From the Guidelines
Behcet's Syndrome is a rare, chronic inflammatory disorder characterized by recurrent oral and genital ulcers, eye inflammation, and skin lesions, and its management should be individualized according to age, gender, type and severity of organ involvement, and patient preferences, as recommended by the 2018 EULAR guidelines 1.
Overview of Behcet's Syndrome
Behcet's Syndrome is a multisystem disease that can affect blood vessels, joints, the digestive tract, and the central nervous system. The disease is believed to be an autoimmune condition triggered by environmental factors in genetically susceptible individuals, particularly those with HLA-B51 gene.
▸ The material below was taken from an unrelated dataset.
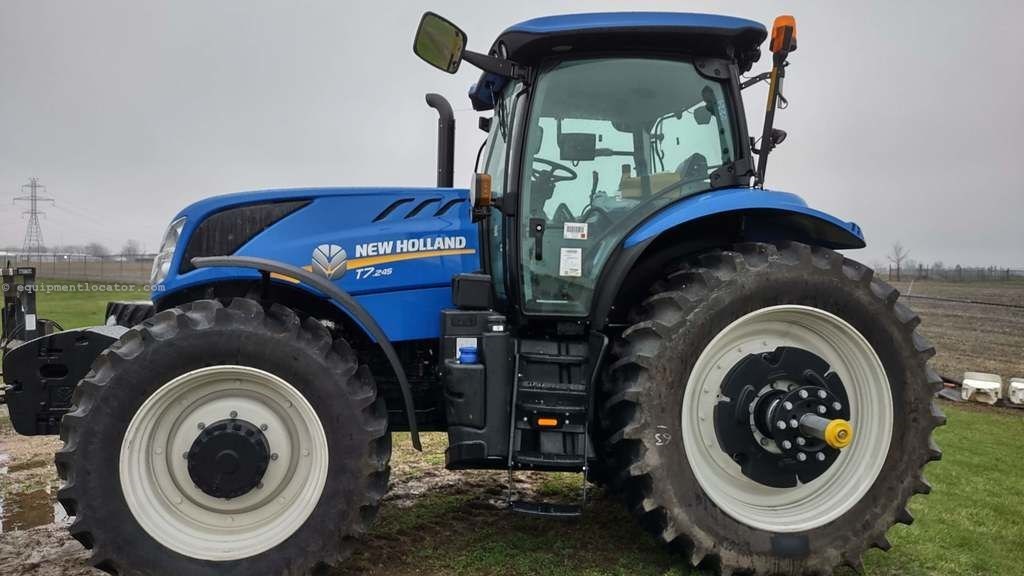 2024 New Holland T7 Series T7.245 Classic Image 1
The diagnostic criteria for Behcet's Syndrome require oral ulceration and at least two of the following lesions: recurrent genital ulceration, uveitis or retinal vasculitis, or skin lesions, such as erythema nodosum, pseudofolliculitis, or pathergy 1.
Treatment of Behcet's Syndrome
Treatment of Behcet's Syndrome typically involves medications to reduce inflammation and suppress the immune system, such as:
- Corticosteroids
- Colchicine
- Immunosuppressants like azathioprine or cyclosporine
- Biologic agents like TNF inhibitors (infliximab, adalimumab) for severe cases The specific treatment regimen depends on which organs are affected and the severity of symptoms. For example:
- Oral ulcers can be treated with topical steroids like triamcinolone dental paste or dexamethasone elixir
- Eye involvement often requires ophthalmologist management with topical and systemic treatments
- Vascular involvement may require immunosuppressives, such as azathioprine or cyclophosphamide, and/or anti-TNF agents 1
Management Principles
The 2018 EULAR guidelines recommend the following overarching principles for the management of Behcet's Syndrome:
- The goal of treatment is to promptly suppress inflammatory exacerbations and recurrences to prevent irreversible organ damage
- A multidisciplinary approach is necessary for optimal care
- Treatment should be individualized according to age, gender, type and severity of organ involvement, and patient preferences
- Ocular, vascular, neurological, and gastrointestinal involvement may be associated with a poor prognosis, and require prompt and aggressive treatment 1
From the Research
Definition and Characteristics of Behcet's Syndrome
- Behcet's Syndrome (BS) is a chronic relapsing multisystemic inflammatory disorder characterized by four major symptoms: oral aphthous ulcers, genital ulcers, skin lesions, and ocular lesions 2.
- It is a form of vasculitis that can affect blood vessels of all sizes, with a higher prevalence in regions along the Silk Road, from the Mediterranean to the Far East 3.
- The disease can also manifest with minor symptoms, including arthritis, gastrointestinal ulcers, epididymitis, vascular lesions, and central nervous system symptoms 2.
Clinical Manifestations and Diagnosis
- The clinical manifestations of BS are protean in nature, with most patients developing mucocutaneous and genital ulcers, along with eye disease 3.
- Other patients may present with arthritis, frank vasculitis, thrombophlebitis, and CNS disease, with manifestations varying considerably based on gender and ethnicity 3.
- Diagnosis is made based on clinical manifestations, as there is no laboratory examination with diagnostic value for BS 4.
- The International Study Group diagnostic criteria published in 1990 is the most widely used and recognized, with the International Criteria for Behcet's Disease developed in 2014 to improve sensitivity 4.
Treatment and Management
- The goal of BS treatment is to eradicate triggers and/or aggravating factors, alleviate and control clinical symptoms, prevent and treat any damage to organs, slow disease progression, and improve the patient's quality of life 4.
- Treatment depends on the affected organs and disease severity, with pharmacological agents including corticosteroids, colchicine, azathioprine, and tumour necrosis factor (TNF)α inhibitors 3.
- Management of the patient with BS is complex and often requires a multidisciplinary approach, with strategies to assess and stratify patients based on clinical manifestations and disease severity 3.